**Extracted entries**
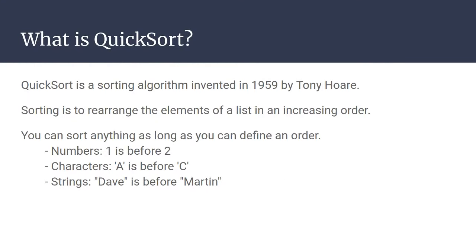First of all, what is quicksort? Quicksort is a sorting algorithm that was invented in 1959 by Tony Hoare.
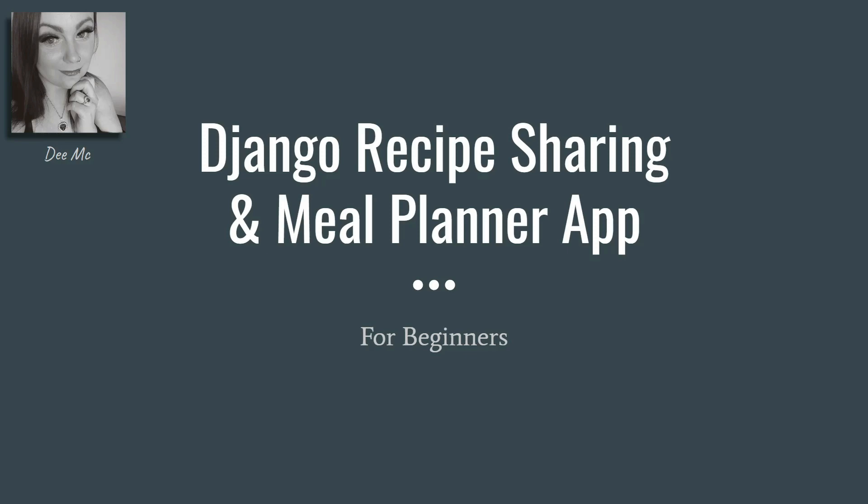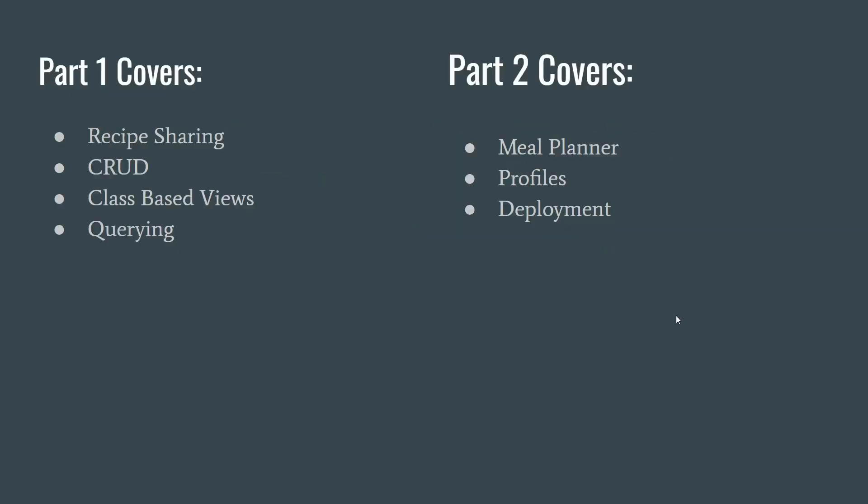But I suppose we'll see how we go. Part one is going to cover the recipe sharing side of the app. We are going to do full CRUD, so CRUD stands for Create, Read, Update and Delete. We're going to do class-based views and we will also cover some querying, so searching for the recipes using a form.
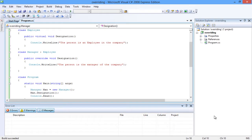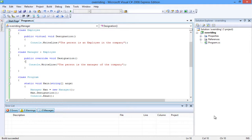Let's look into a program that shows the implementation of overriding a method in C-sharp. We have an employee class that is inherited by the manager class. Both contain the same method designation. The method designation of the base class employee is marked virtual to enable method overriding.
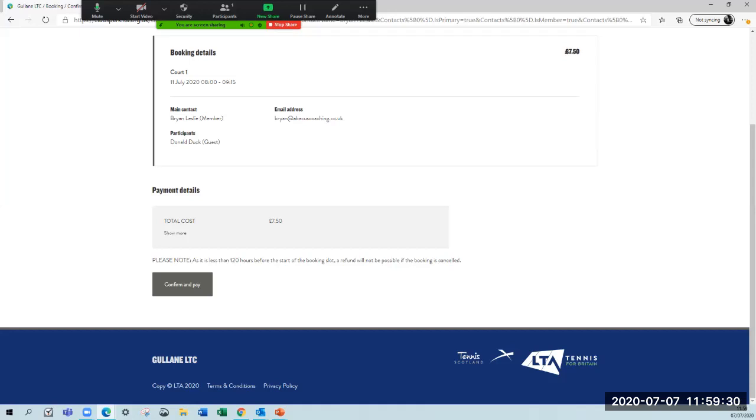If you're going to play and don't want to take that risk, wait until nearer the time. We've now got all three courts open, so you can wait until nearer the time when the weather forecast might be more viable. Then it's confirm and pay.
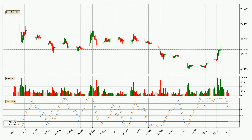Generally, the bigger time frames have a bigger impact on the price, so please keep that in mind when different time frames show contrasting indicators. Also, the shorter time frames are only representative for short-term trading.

...

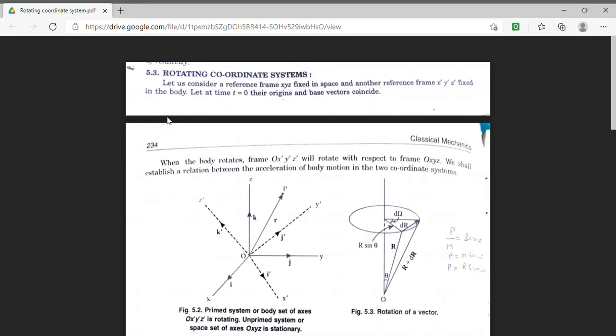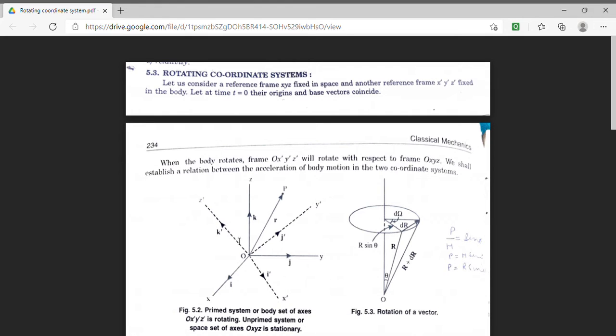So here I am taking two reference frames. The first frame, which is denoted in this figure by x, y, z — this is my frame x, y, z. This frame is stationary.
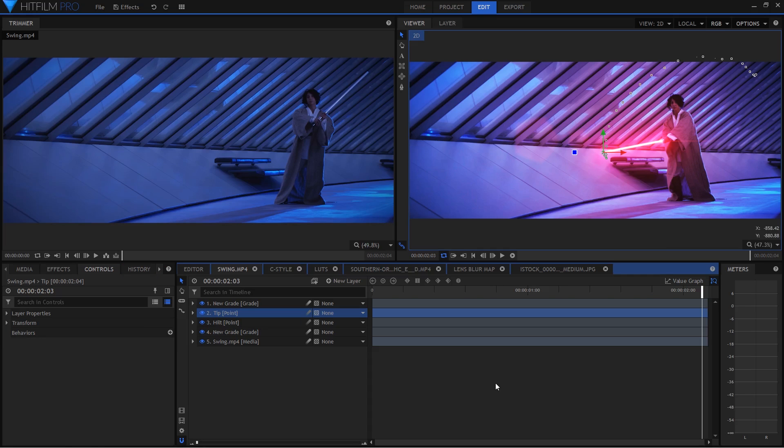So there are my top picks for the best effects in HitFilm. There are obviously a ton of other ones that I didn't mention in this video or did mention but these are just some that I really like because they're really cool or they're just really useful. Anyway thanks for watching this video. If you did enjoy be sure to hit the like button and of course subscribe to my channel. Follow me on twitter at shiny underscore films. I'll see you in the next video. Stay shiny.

---

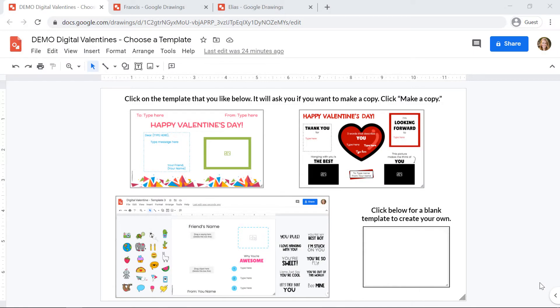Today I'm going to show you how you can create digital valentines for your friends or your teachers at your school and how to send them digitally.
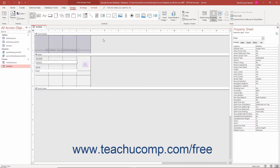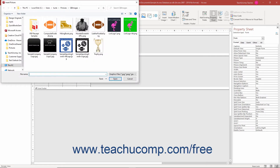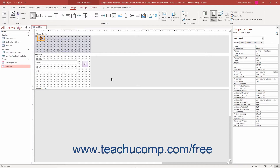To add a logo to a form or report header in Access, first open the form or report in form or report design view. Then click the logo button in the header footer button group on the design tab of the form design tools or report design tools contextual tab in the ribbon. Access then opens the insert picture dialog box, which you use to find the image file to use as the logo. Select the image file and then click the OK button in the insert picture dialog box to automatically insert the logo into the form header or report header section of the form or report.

**Try it**
Could you write out exactly the lines of the data above that run from the one holding "Let's look into" to the one holding "Generally, the bigger", with both ends in and all pictures out?

**Expected answer**
Let's look into a program that shows the implementation of overriding a method in C-sharp. We have an employee class that is inherited by the manager class. Both contain the same method designation. The method designation of the base class employee is marked virtual to enable method overriding.
If you're going to play and don't want to take that risk, wait until nearer the time. We've now got all three courts open, so you can wait until nearer the time when the weather forecast might be more viable. Then it's confirm and pay.
Generally, the bigger time frames have a bigger impact on the price, so please keep that in mind when different time frames show contrasting indicators. Also, the shorter time frames are only representative for short-term trading.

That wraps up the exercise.